Tens of thousands of Shiites Muslims came Tuesday to this holy city, the site of a battle where the Prophet Muhammad's grandson was killed, beating their chest and heads to mark his death. Others slashed their heads and beat their bloodied foreheads with the flat sides of swords and knives.
The ceremonies marking the feast of Ashoura were held under tight security. The entire city was sealed off and pilgrims were searched at numerous checkpoints.All vehicles including bicycles were banned.
Tuesday marked the climax of the 10 day commemorations marking the death of Imam Hussein who was killed in 680 A.D. on the plains of Karbala by soldiers of the Caliph Yazid. Shiites believe Imam Hussein and 73 male followers mounted a heroic defense against Yazid's much superior force.
Residents of the city distributed harissa, a dish made from wheat and lamb meat, juice, tea and water to visitors passing by. The vast majority of people taking part in the ceremony were Iraqis but there were also fellow Shiites from Iran, Bahrain, Saudi Arabia, Kuwait, Lebanon, Afghanistan, Pakistan and India.
Some worshippers carried black, red and green flags with statements praising Imam Hussein. One of them, which was said be made by Indian independence leader Mohandas Ghandi, read: "I learned from Hussein to be repressed and victorious."
Mohammed Salih, 37, a civil servant who came from Baghdad said Imam Hussein "represents the victory of the blood on sword."
Rahim Hussein, a 34-year-old laborer from Baghdad, who was dressed in black from head to toe, said "I came to die in this holy day. We are not afraid from the terrorists wherever they are. Let them come.

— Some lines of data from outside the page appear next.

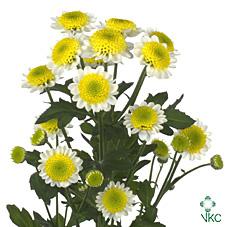 Срезанные цветы оптом Chrys sa sun up от 75шт из Голландии с доставкой по России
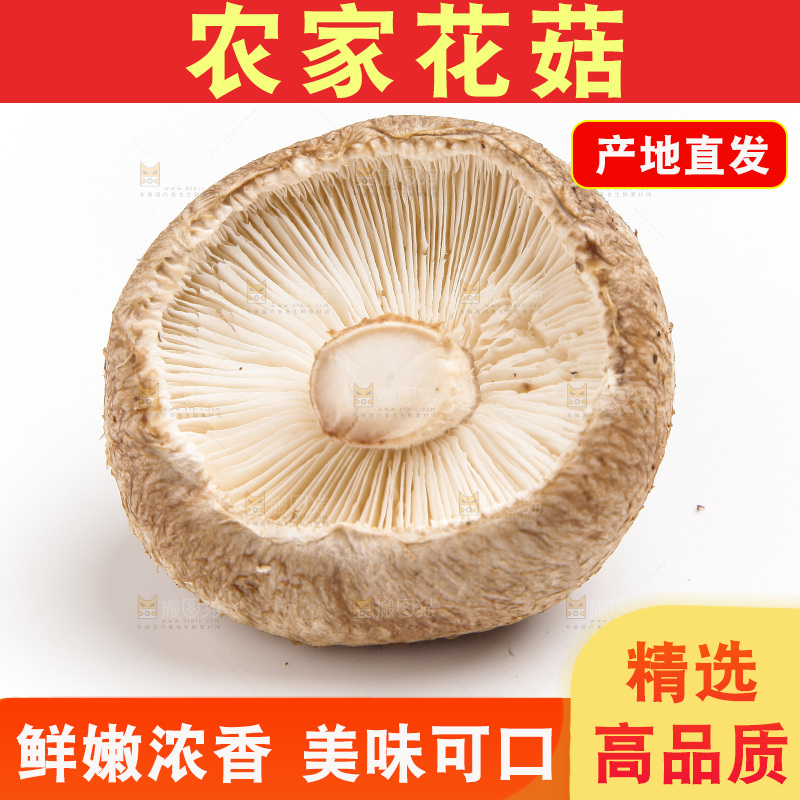 白底上放着花菇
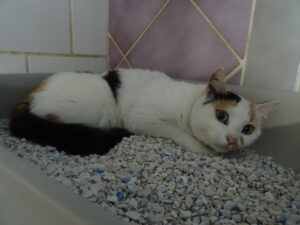 Seniorita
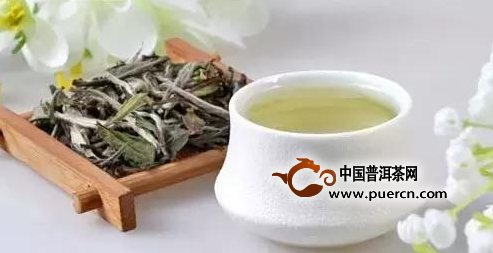 白牡丹价格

I came to win the martyrdom."
This year's events took place without attacks in Karbala thanks to the heavy security from Iraqi and U.S. forces. Attacks on Shiite worshippers in other parts of Iraq left at least 36 people dead and dozens wounded.
Karbala's provincial governor, Akeel al-Khazaali, told The Associated Press that more that 1.5 million people took part in the ceremony in his city.
Al-Khazaali said due to bad weather, U.S. helicopters were not able to fly over to protect the pilgrims but that unmanned U.S. surveillance aircraft flew over the area to guard against possible attacks.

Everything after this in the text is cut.